◆ **Dataset**:
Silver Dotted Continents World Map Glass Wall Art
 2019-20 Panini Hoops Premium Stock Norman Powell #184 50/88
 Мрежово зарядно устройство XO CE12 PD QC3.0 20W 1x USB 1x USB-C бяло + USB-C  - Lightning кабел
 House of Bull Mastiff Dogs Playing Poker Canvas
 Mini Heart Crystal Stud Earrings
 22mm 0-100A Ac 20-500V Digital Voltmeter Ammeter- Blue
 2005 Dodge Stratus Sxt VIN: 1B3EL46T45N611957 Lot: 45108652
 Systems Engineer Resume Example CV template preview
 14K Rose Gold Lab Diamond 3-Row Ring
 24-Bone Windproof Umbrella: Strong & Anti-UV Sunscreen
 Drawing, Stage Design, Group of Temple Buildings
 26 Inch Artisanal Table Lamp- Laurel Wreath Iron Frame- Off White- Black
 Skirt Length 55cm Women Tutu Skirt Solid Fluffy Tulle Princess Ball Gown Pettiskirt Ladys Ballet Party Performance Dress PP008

◆ **Assignment**: What should be returned is the run of lines from the first line of the material through the line containing "22mm 0-100A Ac", exact and inclusive, and nothing else.

◆ **Exercise answer**:
Silver Dotted Continents World Map Glass Wall Art
 2019-20 Panini Hoops Premium Stock Norman Powell #184 50/88
 Мрежово зарядно устройство XO CE12 PD QC3.0 20W 1x USB 1x USB-C бяло + USB-C  - Lightning кабел
 House of Bull Mastiff Dogs Playing Poker Canvas
 Mini Heart Crystal Stud Earrings
 22mm 0-100A Ac 20-500V Digital Voltmeter Ammeter- Blue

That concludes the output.